- [Problem requirements]:
Starting at the top of the records, output every line through the one that contains "LA ROCHE-POSAY Hyalu B5 Routine-Set", keeping each exactly as it appears.

Dataset: Begin

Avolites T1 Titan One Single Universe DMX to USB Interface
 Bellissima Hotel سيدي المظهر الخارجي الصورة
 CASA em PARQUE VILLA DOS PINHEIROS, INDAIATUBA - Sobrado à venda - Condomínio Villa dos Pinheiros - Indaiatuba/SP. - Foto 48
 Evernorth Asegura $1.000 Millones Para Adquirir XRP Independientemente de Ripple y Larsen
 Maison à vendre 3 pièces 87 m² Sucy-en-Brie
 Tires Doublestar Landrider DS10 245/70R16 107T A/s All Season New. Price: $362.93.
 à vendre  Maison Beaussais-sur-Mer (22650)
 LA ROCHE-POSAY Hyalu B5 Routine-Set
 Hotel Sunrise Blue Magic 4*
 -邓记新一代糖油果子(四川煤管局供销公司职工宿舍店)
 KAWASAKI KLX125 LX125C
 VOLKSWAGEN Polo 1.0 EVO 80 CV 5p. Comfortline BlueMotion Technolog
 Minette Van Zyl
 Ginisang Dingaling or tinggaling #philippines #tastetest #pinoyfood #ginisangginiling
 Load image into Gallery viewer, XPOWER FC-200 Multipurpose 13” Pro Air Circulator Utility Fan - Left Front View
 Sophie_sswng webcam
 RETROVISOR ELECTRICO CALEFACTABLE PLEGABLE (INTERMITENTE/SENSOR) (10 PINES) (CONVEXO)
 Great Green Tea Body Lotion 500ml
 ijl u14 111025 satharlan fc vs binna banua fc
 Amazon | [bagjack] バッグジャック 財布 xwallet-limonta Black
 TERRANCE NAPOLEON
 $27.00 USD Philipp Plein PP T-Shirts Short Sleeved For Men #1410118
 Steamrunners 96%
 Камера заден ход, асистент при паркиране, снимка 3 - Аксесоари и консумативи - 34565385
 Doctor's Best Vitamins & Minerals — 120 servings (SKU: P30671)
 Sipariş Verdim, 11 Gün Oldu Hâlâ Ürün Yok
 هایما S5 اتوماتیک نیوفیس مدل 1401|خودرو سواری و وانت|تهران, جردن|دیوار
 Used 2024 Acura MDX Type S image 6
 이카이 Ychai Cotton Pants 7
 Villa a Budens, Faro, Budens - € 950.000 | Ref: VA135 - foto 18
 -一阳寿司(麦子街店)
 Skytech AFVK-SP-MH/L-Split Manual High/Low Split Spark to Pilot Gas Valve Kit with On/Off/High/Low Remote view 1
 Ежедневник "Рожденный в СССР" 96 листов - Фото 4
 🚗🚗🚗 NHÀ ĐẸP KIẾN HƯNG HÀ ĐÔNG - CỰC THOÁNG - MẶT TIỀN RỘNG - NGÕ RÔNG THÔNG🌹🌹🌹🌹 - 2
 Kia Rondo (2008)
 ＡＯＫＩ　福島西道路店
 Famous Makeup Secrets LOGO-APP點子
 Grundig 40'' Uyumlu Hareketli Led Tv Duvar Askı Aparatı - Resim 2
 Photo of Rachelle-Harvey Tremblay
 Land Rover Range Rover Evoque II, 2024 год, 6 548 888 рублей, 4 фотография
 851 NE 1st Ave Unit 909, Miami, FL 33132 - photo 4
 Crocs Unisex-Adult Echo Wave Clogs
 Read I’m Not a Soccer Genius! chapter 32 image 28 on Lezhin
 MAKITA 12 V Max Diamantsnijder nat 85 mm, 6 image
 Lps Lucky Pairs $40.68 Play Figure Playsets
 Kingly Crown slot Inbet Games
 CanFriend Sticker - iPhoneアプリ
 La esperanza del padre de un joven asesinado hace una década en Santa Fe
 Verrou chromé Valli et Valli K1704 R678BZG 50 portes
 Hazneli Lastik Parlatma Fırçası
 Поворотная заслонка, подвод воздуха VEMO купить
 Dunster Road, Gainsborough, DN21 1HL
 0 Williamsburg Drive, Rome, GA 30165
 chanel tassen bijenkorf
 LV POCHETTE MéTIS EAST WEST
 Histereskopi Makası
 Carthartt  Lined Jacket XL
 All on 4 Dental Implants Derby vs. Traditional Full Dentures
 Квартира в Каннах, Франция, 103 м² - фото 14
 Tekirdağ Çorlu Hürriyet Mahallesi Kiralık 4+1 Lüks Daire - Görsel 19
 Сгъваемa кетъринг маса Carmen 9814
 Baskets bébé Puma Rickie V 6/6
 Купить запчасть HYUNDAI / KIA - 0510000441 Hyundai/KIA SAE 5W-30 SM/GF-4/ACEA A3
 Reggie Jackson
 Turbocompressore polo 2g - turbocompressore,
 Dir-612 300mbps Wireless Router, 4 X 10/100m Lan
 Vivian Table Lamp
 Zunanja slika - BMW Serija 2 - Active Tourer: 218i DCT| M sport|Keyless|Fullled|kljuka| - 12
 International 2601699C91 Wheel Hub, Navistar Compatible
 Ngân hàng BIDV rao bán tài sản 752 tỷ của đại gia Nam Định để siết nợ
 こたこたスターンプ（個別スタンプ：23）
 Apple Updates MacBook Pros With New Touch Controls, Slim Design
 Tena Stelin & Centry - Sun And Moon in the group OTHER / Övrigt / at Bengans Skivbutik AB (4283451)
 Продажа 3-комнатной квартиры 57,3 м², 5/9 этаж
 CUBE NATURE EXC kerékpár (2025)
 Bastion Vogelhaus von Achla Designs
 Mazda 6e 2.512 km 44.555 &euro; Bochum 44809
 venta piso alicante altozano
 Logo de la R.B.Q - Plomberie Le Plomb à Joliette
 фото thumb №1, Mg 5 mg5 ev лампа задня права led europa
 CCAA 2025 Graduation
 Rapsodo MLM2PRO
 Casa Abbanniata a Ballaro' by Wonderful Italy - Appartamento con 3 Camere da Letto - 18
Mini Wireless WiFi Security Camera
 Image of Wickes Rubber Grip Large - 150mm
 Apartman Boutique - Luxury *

Dataset: End

- [Your solution]:
Avolites T1 Titan One Single Universe DMX to USB Interface
 Bellissima Hotel سيدي المظهر الخارجي الصورة
 CASA em PARQUE VILLA DOS PINHEIROS, INDAIATUBA - Sobrado à venda - Condomínio Villa dos Pinheiros - Indaiatuba/SP. - Foto 48
 Evernorth Asegura $1.000 Millones Para Adquirir XRP Independientemente de Ripple y Larsen
 Maison à vendre 3 pièces 87 m² Sucy-en-Brie
 Tires Doublestar Landrider DS10 245/70R16 107T A/s All Season New. Price: $362.93.
 à vendre  Maison Beaussais-sur-Mer (22650)
 LA ROCHE-POSAY Hyalu B5 Routine-Set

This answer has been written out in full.